Z Alabamy na Florydę jechało się dłużej niż poprzednio do Jackson czy Birmingham. Konkretnie zmierzali do Miami. Oboje nigdy nie mieli czasu by tam się udać i odpocząć na nagrzanych słońcem plażach. Dlatego teraz kiedy przed oczami mieli wizję spędzenia czasu razem bez żadnych stresów czy ograniczeń, oboje się cieszyli.

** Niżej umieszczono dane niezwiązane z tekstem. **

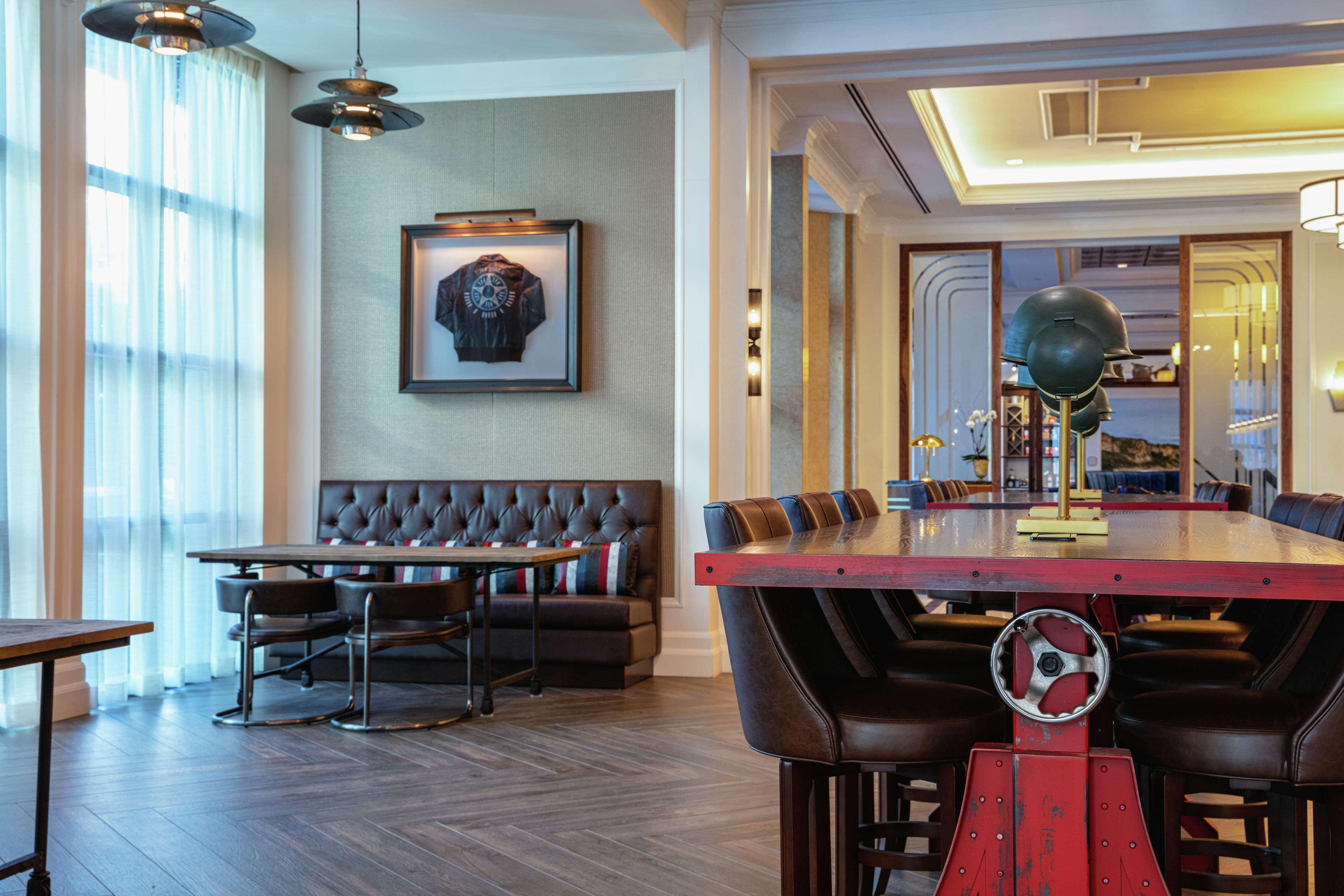 The Higgins Hotel New Orleans, Curio Collection By Hilton Εξωτερικό φωτογραφία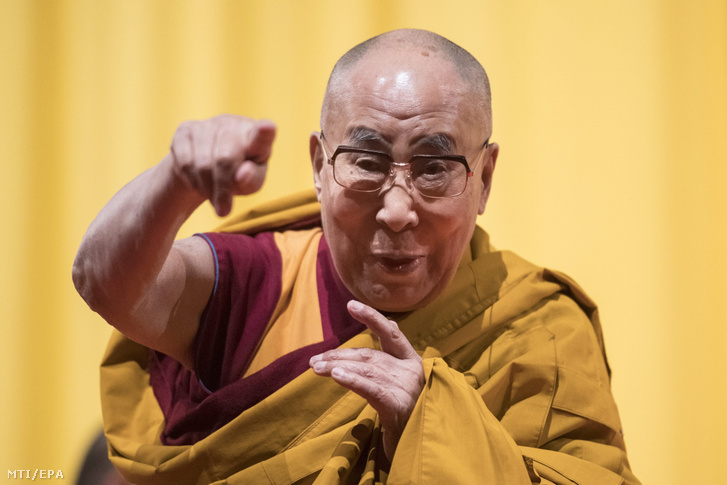 A 14. dalai láma (Tendzin Gyaco), a tibeti buddhisták indiai emigrációban élő vallási vezetője előadást tart Zürichben 2016. október 14-én.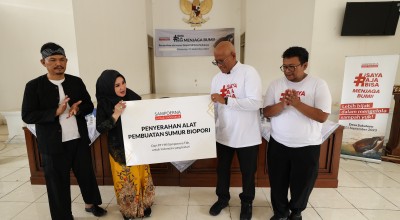 Berkolaborasi Kelola Air dan Sampah, Sampoerna Buat Biopori bersama Warga Karawang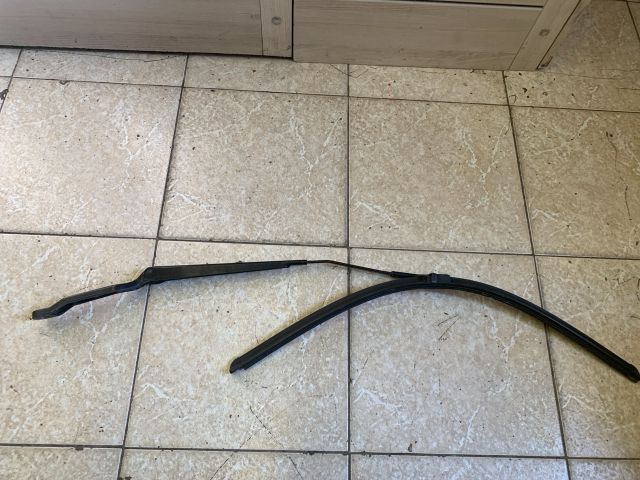 bontott RENAULT ESPACE IV Jobb első Ablaktörlő Kar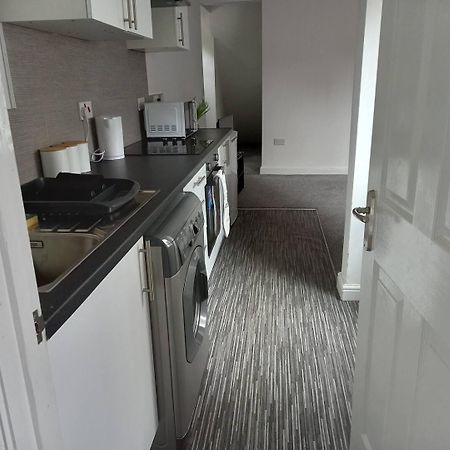 Stoke-on-TrentSimple And Sweet, Flat On Lewis Street - 1 Br公寓 外观 照片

W Miami byli we wtorek. Dojechali koło południa i pierwsze co zrobili, po zameldowaniu się w hotelu, to udanie się na plaże. Tam, ku ich zaskoczeniu nie było tak dużo ludzi. Nadia szybko zrzuciła z siebie zwiewną sukienkę odsłaniając dwuczęściowy strój.

-Razisz białością!-zaśmiał się i ściągnął koszulkę.

Dobiegł do niej i podniósł ją. Potem zakręcił nimi i puścił ją do wody, rozkoszując się jej przerażonym piskiem. Świetnie się razem bawili. Kiedy zmęczyli się pływaniem położyli się na plaży.

Dean przeciągnął się i mruknął. Nałożył okulary na nos i uśmiechną szeroko.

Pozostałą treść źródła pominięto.